───── PROVIDED INFORMATION ─────

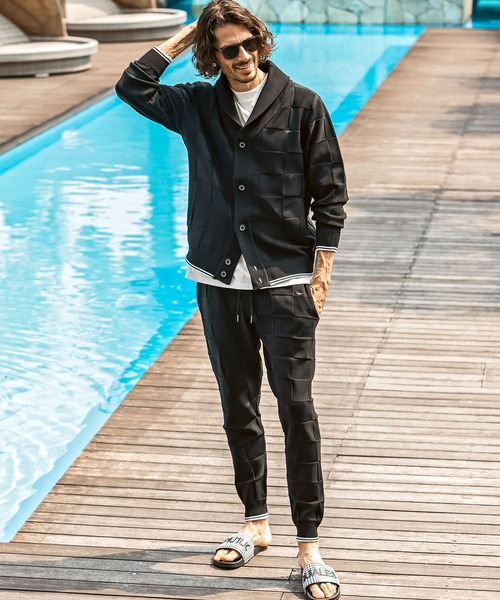 1PIU1UGUALE3 RELAX (ウノピゥウノウグァーレトレ リラックス)の「1PIU1UGUALE3 RELAX(ウノピゥウノウグァーレトレ リラックス)ブロックニット ロングパンツ(その他パンツ・メンズ・ホワイト/サックスブルー/ブラック・XL/L/M/S)」の14枚目の写真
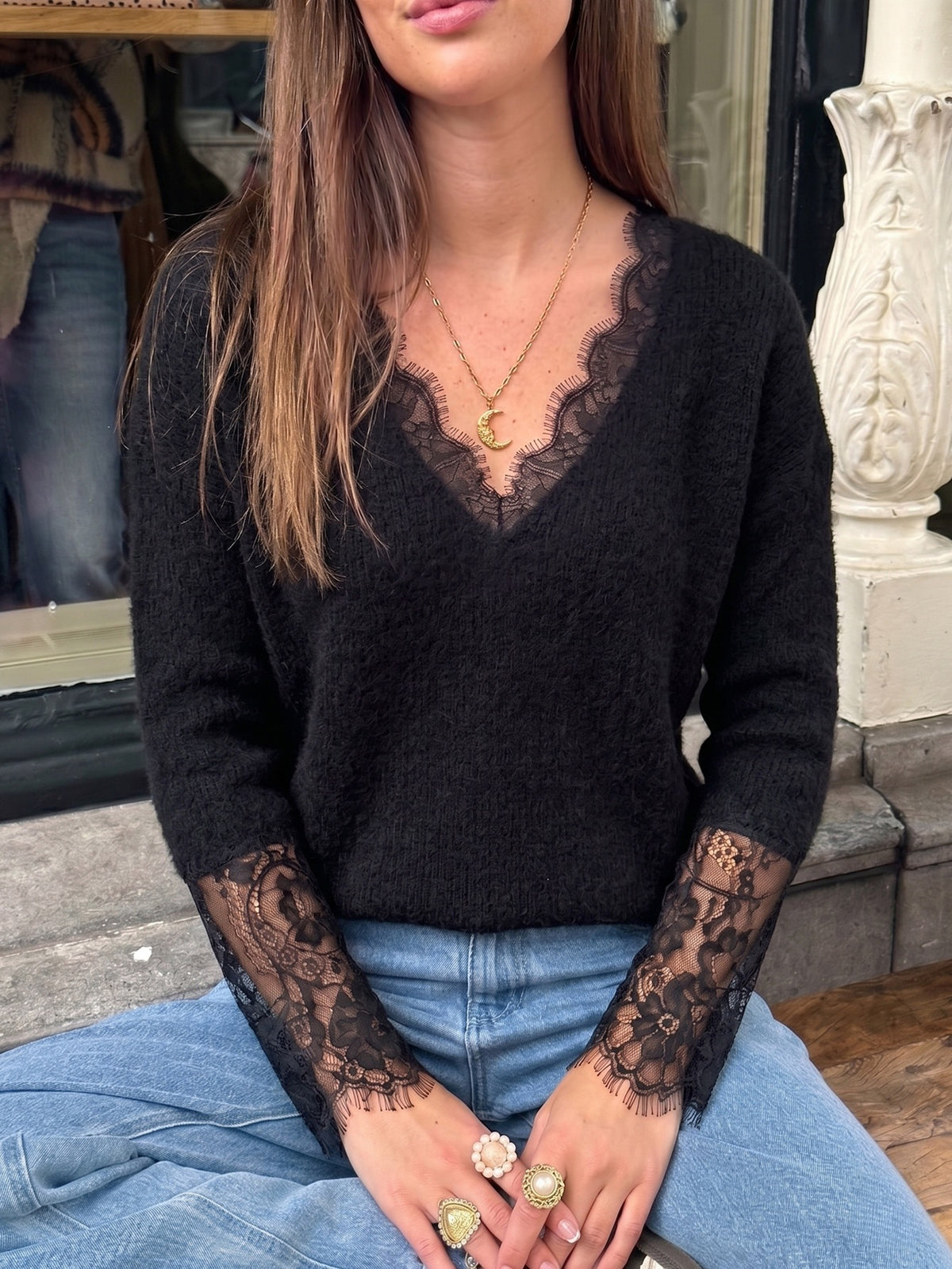 Haut en tricot à col en V avec empiècement en dentelle française pour femme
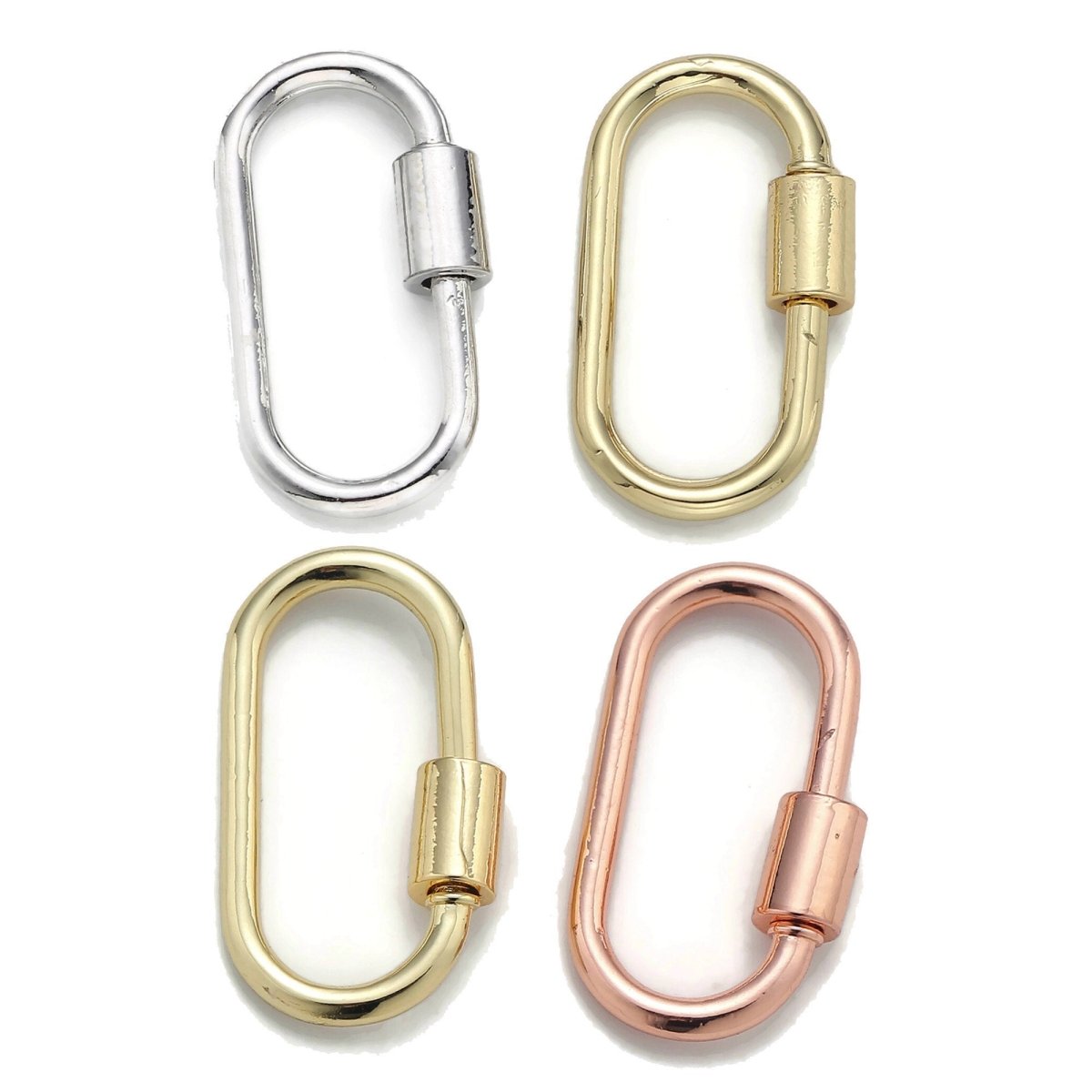 1pc Carabiner Screw Clasp, Screw Clasp Oval , Interlocking Oval Clasp, Oval Shaped Clasps, Gold, Silver, and Rose Gold Color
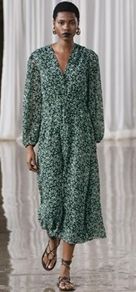 Zara Printed Long Sleeve Midi Dress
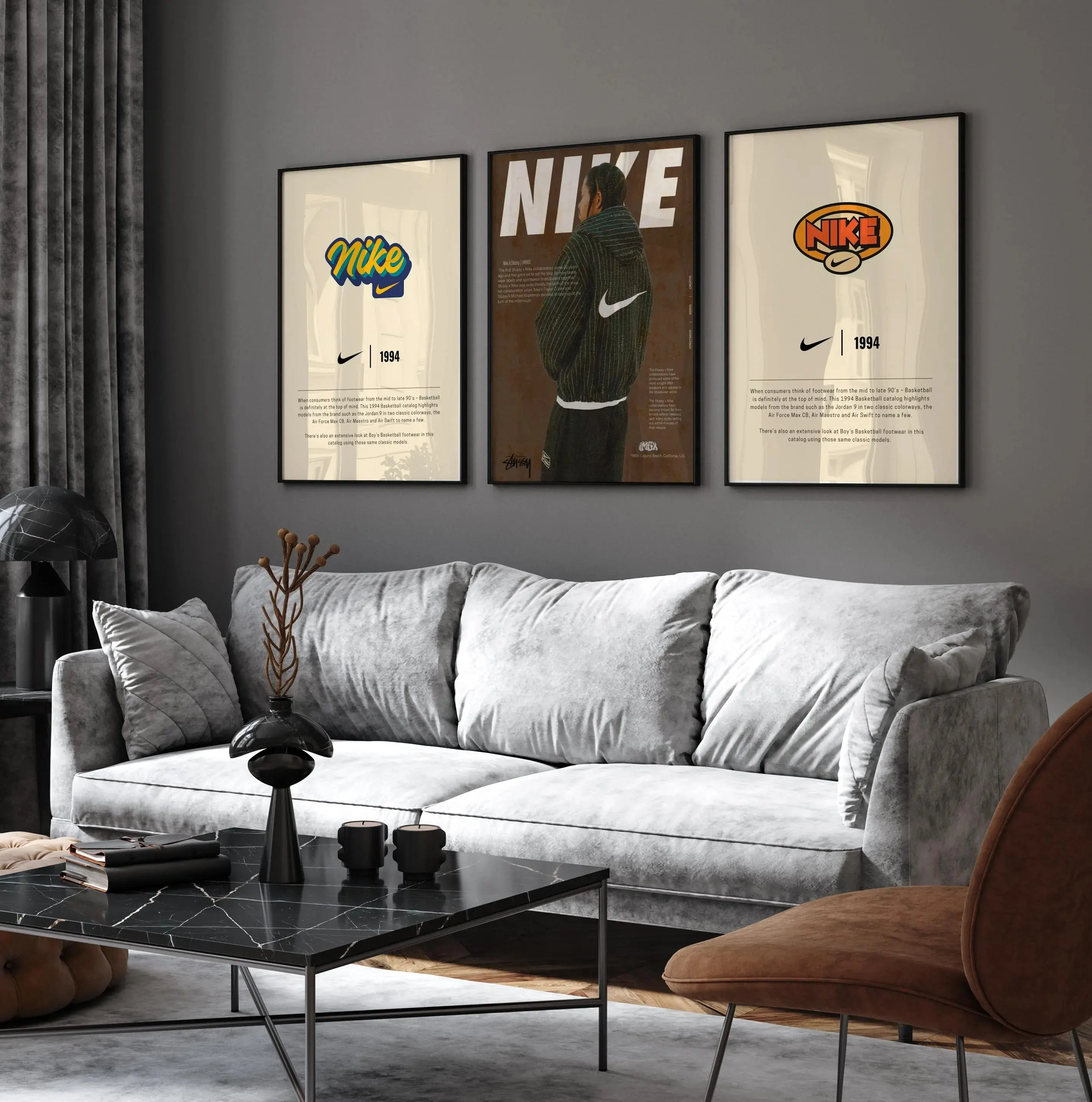 Set of 3 Hypebeast Printable Posters, Nike SneakerHead & Rap Music Themed Wall Art Decor, Home Decor Gift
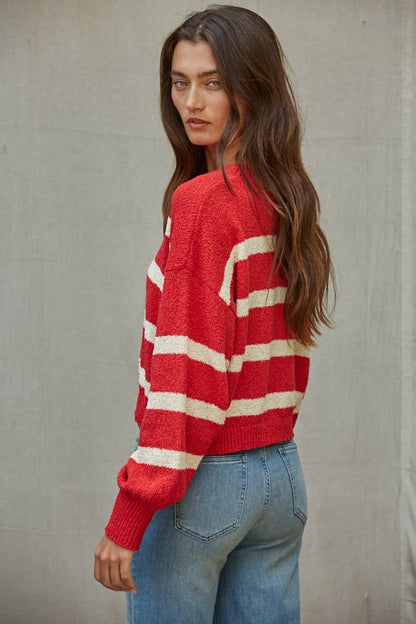 Knit Striped Crewneck Sweater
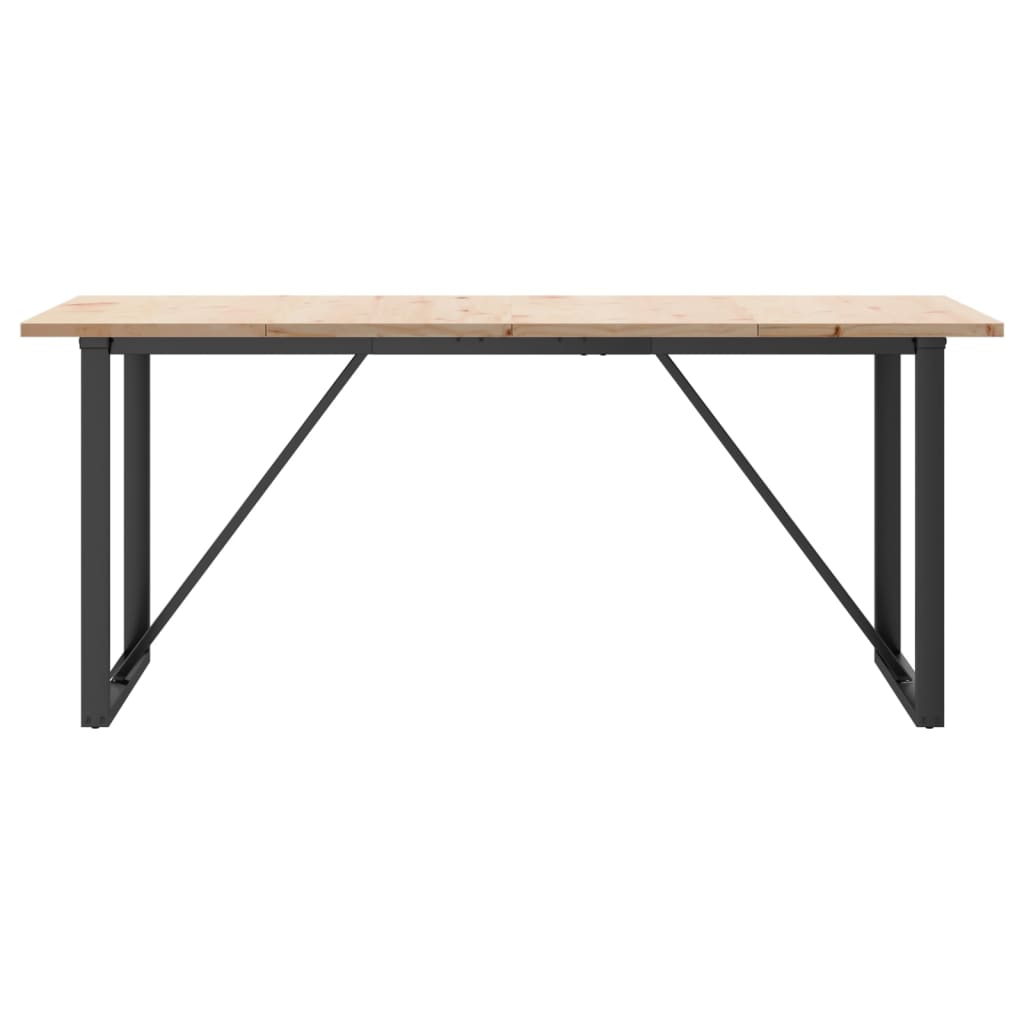vidaXL Masă bucătărie, cadru O, 180x90x75,5 cm lemn masiv pin și Oţel vidaXL Masă bucătărie, cadru O, 180x90x75,5 cm lemn masiv pin și Oţel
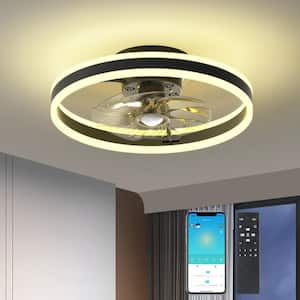 19.6 in. Indoor Black LED Dimmable Caged Propeller Low Profile Flush Mount Ceiling Fan Light with Remote and App Control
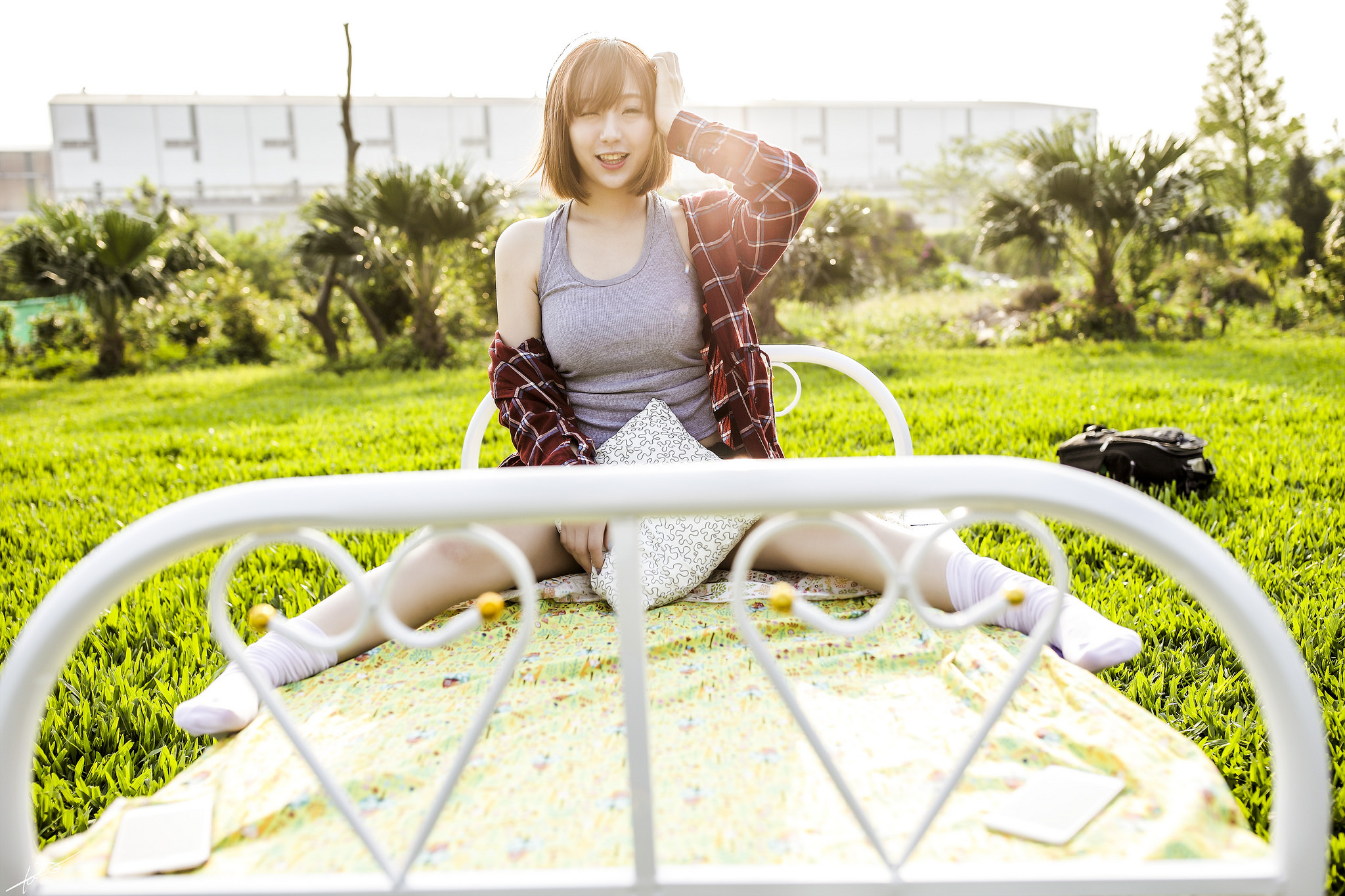 People 2048x1365 women model Asian brunette looking at viewer sitting socks tank top short hair hands on head open shirt in bed smiling women outdoors slouch socks white socks pointed toes spread legs grass
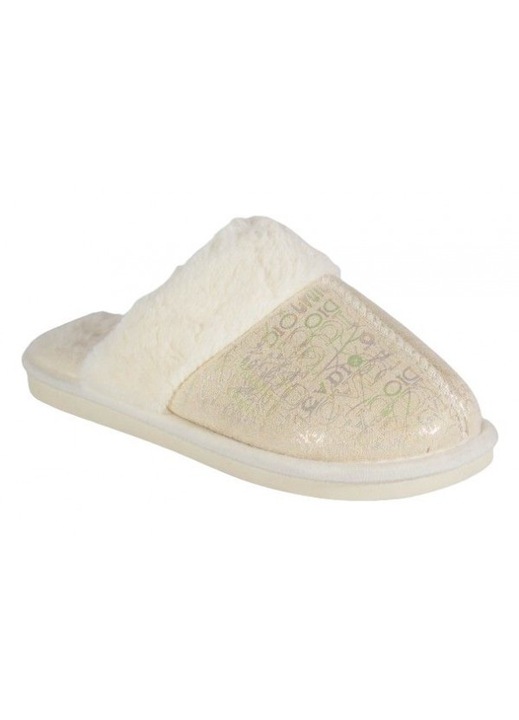 Papuci De casa bej din plus imblaniti 138313, Crem, 41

─────

- PROBLEM DETAILS: Write out again, exactly, each line from the one with "Haut en tricot" to the end of the entries. No pictures go in.

- YOUR SOLUTION:
 Haut en tricot à col en V avec empiècement en dentelle française pour femme
 1pc Carabiner Screw Clasp, Screw Clasp Oval , Interlocking Oval Clasp, Oval Shaped Clasps, Gold, Silver, and Rose Gold Color
 Zara Printed Long Sleeve Midi Dress
 Set of 3 Hypebeast Printable Posters, Nike SneakerHead & Rap Music Themed Wall Art Decor, Home Decor Gift
 Knit Striped Crewneck Sweater
vidaXL Masă bucătărie, cadru O, 180x90x75,5 cm lemn masiv pin și Oţel vidaXL Masă bucătărie, cadru O, 180x90x75,5 cm lemn masiv pin și Oţel
 19.6 in. Indoor Black LED Dimmable Caged Propeller Low Profile Flush Mount Ceiling Fan Light with Remote and App Control
 People 2048x1365 women model Asian brunette looking at viewer sitting socks tank top short hair hands on head open shirt in bed smiling women outdoors slouch socks white socks pointed toes spread legs grass
 Papuci De casa bej din plus imblaniti 138313, Crem, 41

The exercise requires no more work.